I'll solve the problem in three steps:
(1) First I'll show that any connected graph $G$ with an even number, $2m$, of edges is the edge-disjoint union of $m$ trails of length 2.
(2) If $G$ is a graph with even number of edges and $2n$ vertices of odd degree, and the edges is an edge-disjoint union of trails, it is possible to successively concatenate trails until we are left with $n$ trails all starting and ending in odd degree vertices plus any number of circular trails.
(3) We can merge the circular trails with the $n$ linear trails so as to end up with only $n$ trails.
The reason $n\ge1$ is required is that for $n=0$, i.e. all vertices have even degree, step (3) will end with a single circular trail (an Euler path) with no linear trail to merge it to.
1: Splitting $G$ into 2-trails
Proof goes by induction (or descent): i.e. I reduce the graph to one or more graphs with a smaller number of edges.

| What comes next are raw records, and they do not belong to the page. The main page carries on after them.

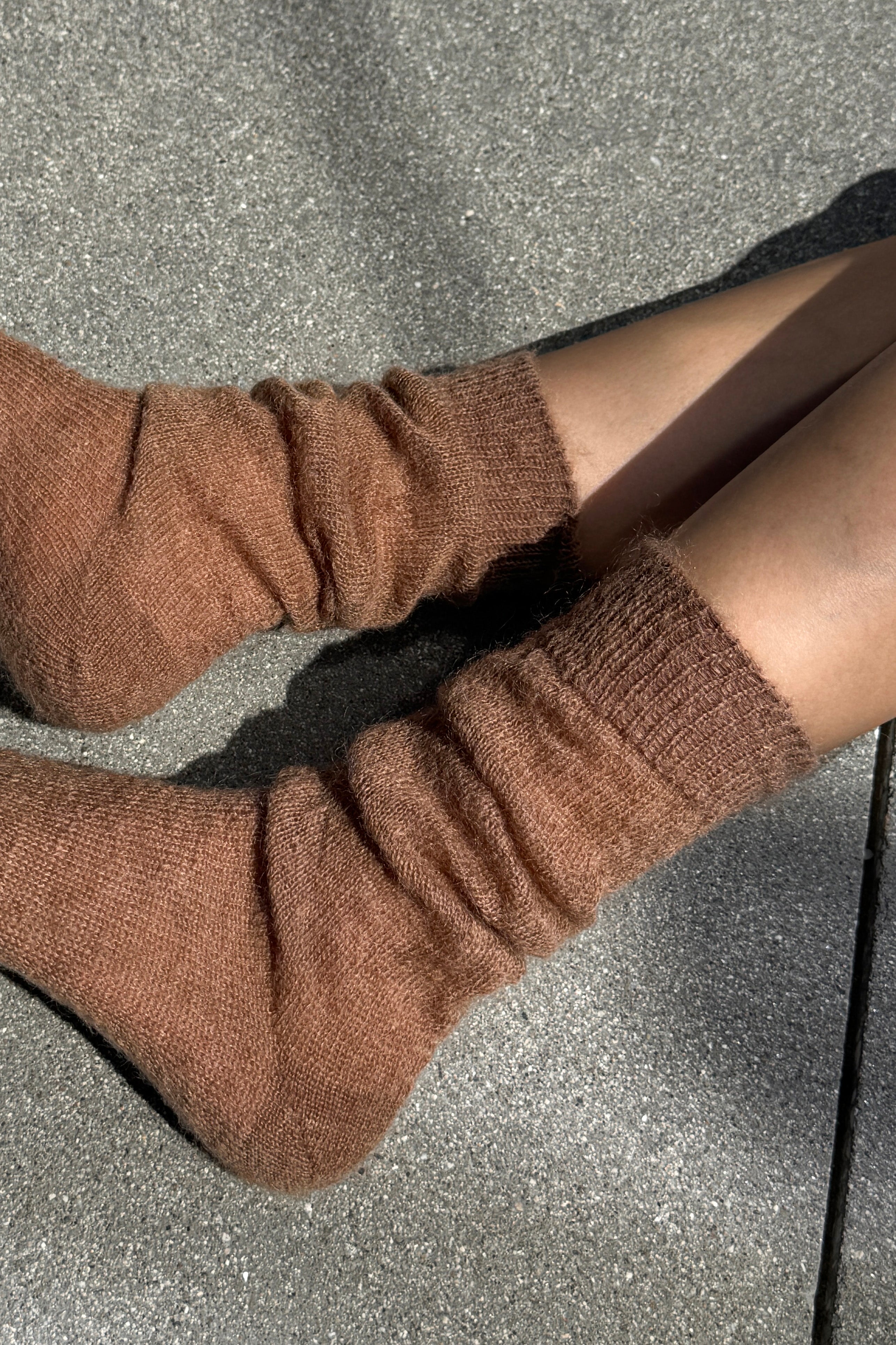 Mohair Veil Socks - Mocha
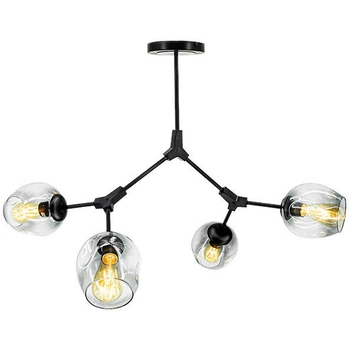 Plafon LAMPA sufitowa 1962/4 BLACK-BL Elem szklana OPRAWA modernistyczna regulowana loft chemistry czarna przydymiona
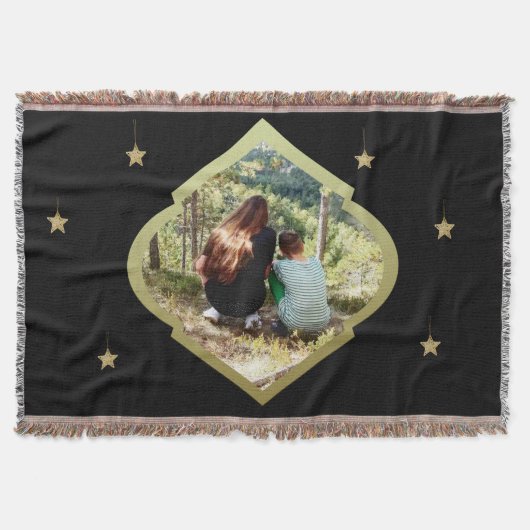 黄金の枠と星の1枚 スローブランケット (正面)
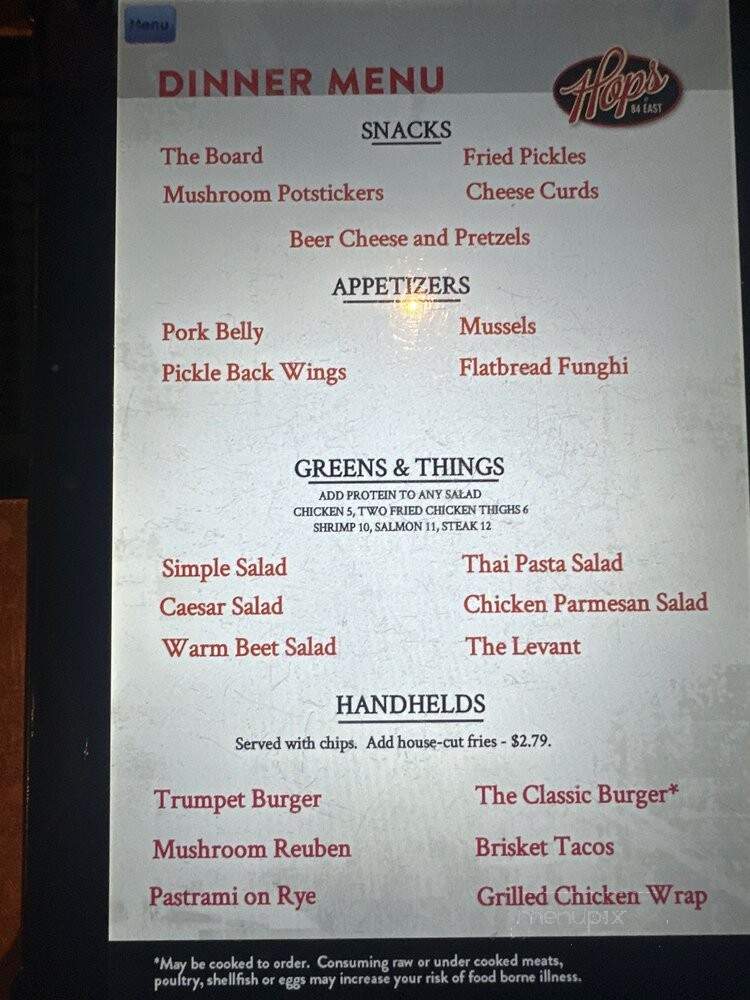 Hops at 84 East - Holland, MI menu_pic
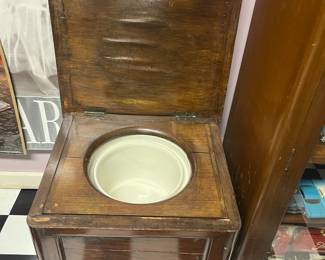 Oak Lift Top Commode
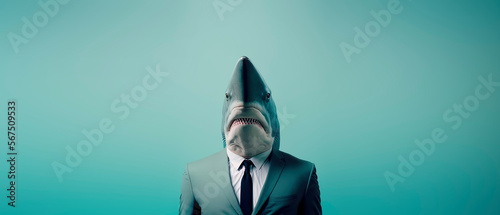 Shark dressed in a formal business suit with a pastel background. anthropomorphic businessman. Generative AI photo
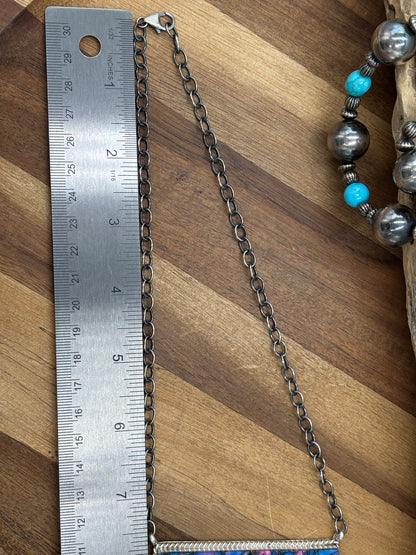 Monarch Mojave #917-44B XL Bar Necklace by Brandon Etcitty, Navajo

Pick a vertex, $x$ of degree 2 or higher: one must exist, or $G$ would have two vertices and one edge only. Decompose $G$ into components $G_1,\ldots,G_k$ which correspond to the connected components after removing $x$ from $G$, but with the vertec $x$ and edges between $x$ and vertices of each $G_i$ included in $G_i$: i.e. two vertices are in the same component if the can be connected by a path not passing through $x$. Each edge of $G$ is then in exactly one of the $G_i$.
If there is only one component, we can pick any two edges at $x$, say $xy$ and $xz$ for vertices $y$ and $z$, form the 2-trail $yxz$ and subsequently remove these two from the graph. If this leaves $x$ with degree zero, we also remove $x$. The remaining graph is still connected and with even number of edges.
If all components have even number of edges, each of these have a smaller number of edges and so follow from the induction hypothesis.
If there are components with an odd number of edges, there must be an even number of these. Take any two of these, pick one edge $xy$ to one of them and one edge $xz$ to the other, form the 2-trail $yxz$ as before, then remove these two edges (and $x$ if left with degree 0). The two selected components may (or may not) get disconnected from the rest of the graph after removing these edges, but each connected component of $G$ after removing $yxz$ will have even number of edges and so be handled by the induction hypothesis.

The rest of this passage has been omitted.